» **WHAT THIS TASK INVOLVES**
Please reproduce the data exactly, though every picture must stay out.

» **PROVIDED MATERIAL**
◆ ◆ ◆

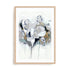 Blue Abstract Florals I Wall Art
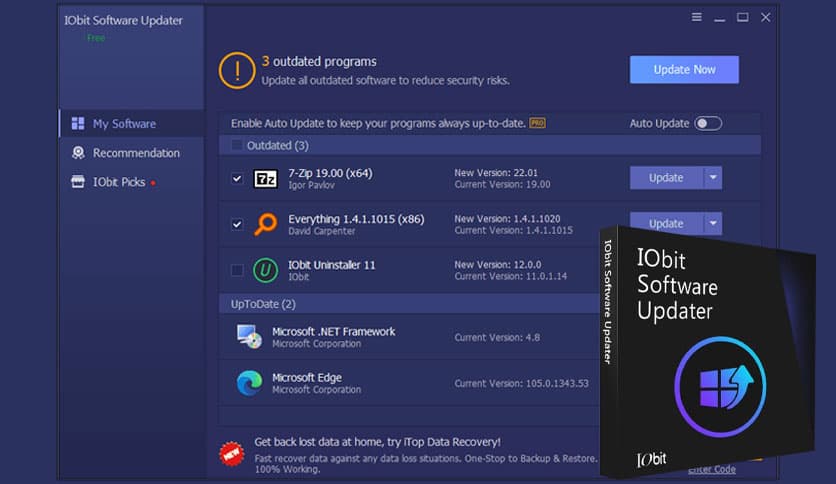 IObit Software Updater Free 8.3.0.12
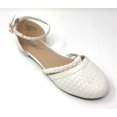 thumbnail image 1 of Victoria K Women's Basket Weave With Braid Straps Ballerina Flats, 1 of 5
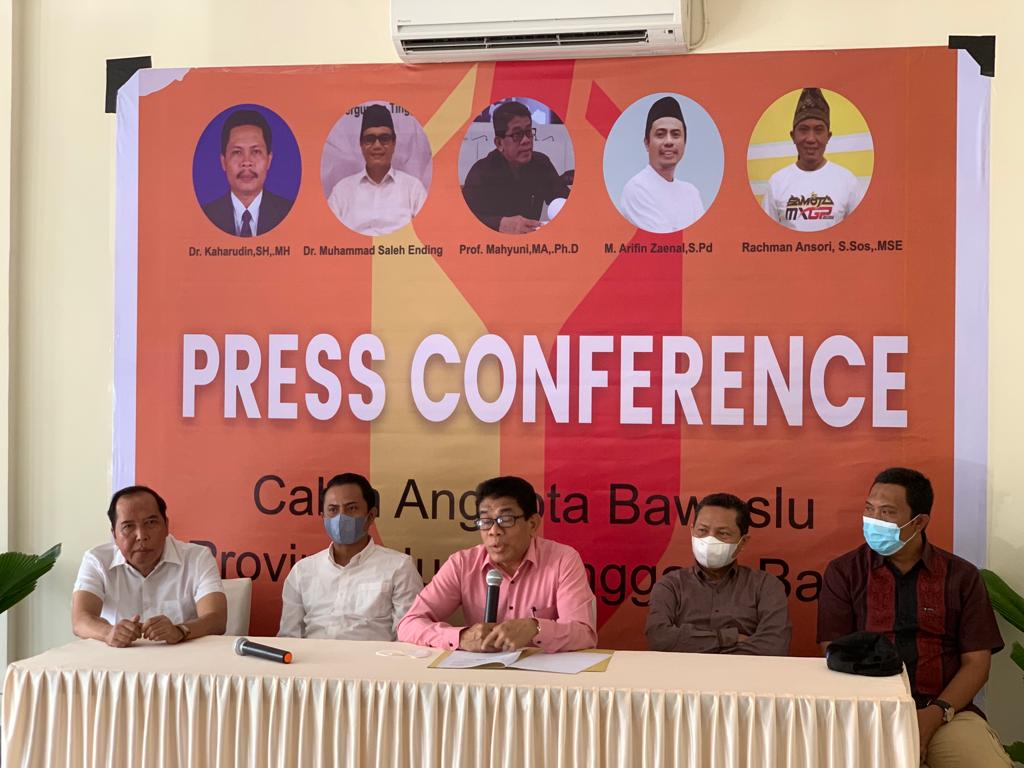 Pengumuman Hasil Verifikasi Berkas Administrasi Calon Anggota  Bawaslu Provinsi NTB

◆ ◆ ◆

» **SOLUTION FOR THIS PROBLEM**
 Blue Abstract Florals I Wall Art
 IObit Software Updater Free 8.3.0.12
 thumbnail image 1 of Victoria K Women's Basket Weave With Braid Straps Ballerina Flats, 1 of 5
 Pengumuman Hasil Verifikasi Berkas Administrasi Calon Anggota  Bawaslu Provinsi NTB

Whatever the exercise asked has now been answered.